ETL Testing – Data Completeness


Checking Data Completeness is done to verify that the data in the target system is as per expectation after loading.

The common tests that can be performed for this are as follows −

  • Checking Aggregate functions (sum, max, min, count),

  • Checking and validating the counts and the actual data between the source and the target for columns without transformations or with simple transformations.

Count Validation

Compare the count of number of records in the source and the target tables. It can be done by writing the following queries −

SELECT count (1) FROM employee; 
SELECT count (1) FROM emp_dim; 

Data Profile Validation

It involves checking the aggregate functions such as count, sum, and max in the source and target tables (fact or dimension).

Column Data Profile Validation

It involves comparing the distinct values and the count of rows for each distinct value.

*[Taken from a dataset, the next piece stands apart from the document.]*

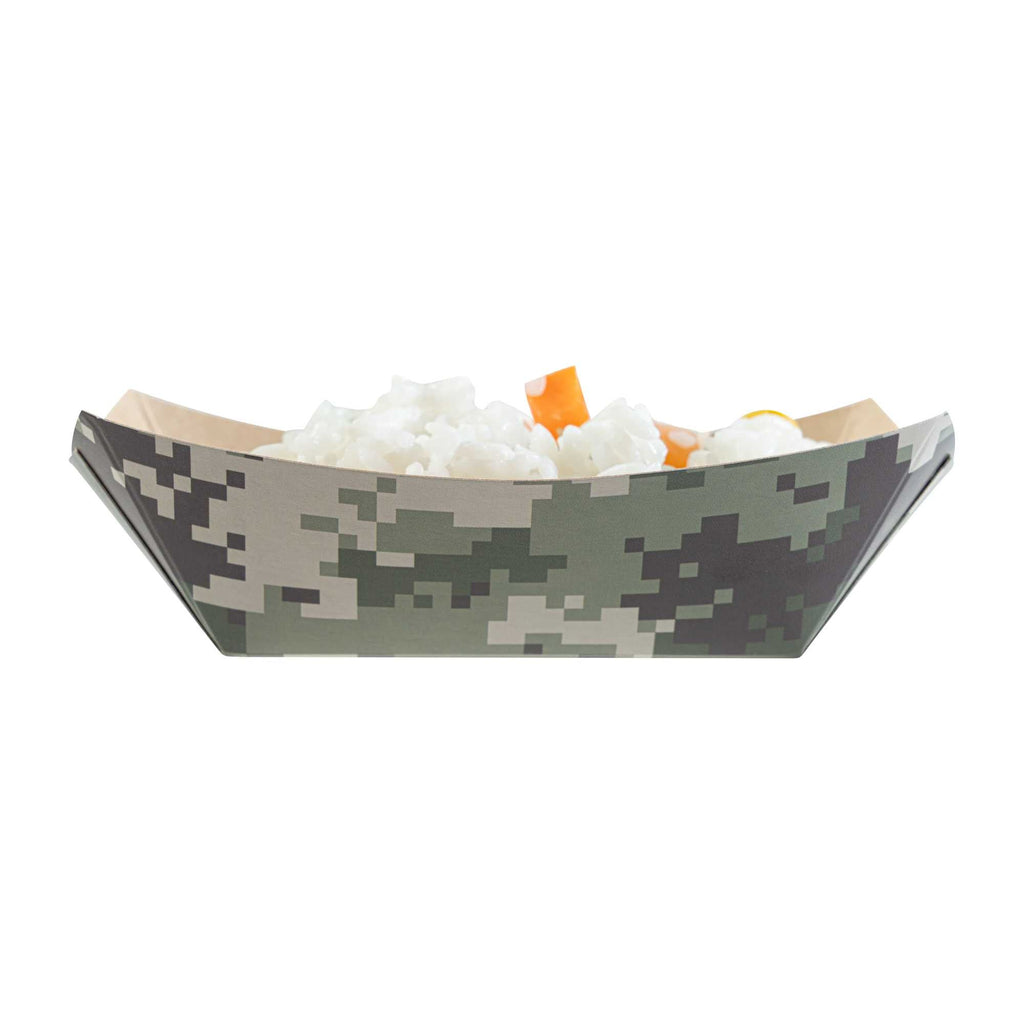 Bio Tek 6 oz Camouflage Paper #40 Food Tray / Boat - 5" x 4" x 1 1/2" - 400 count box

SELECT city, count(*) FROM employee GROUP BY city; 
SELECT city_id, count(*) FROM emp_dim GROUP BY city_id;

Duplicate Data Validation

It involves validating the primary key and the unique key in a column or in combination of columns that should be unique as per the business requirements. You can use the following query to perform duplicate data validation −

SELECT first_name, last_name, date_of_joining, count (1) FROM employee
GROUP BY first_name, last_name HAVING count(1)>1;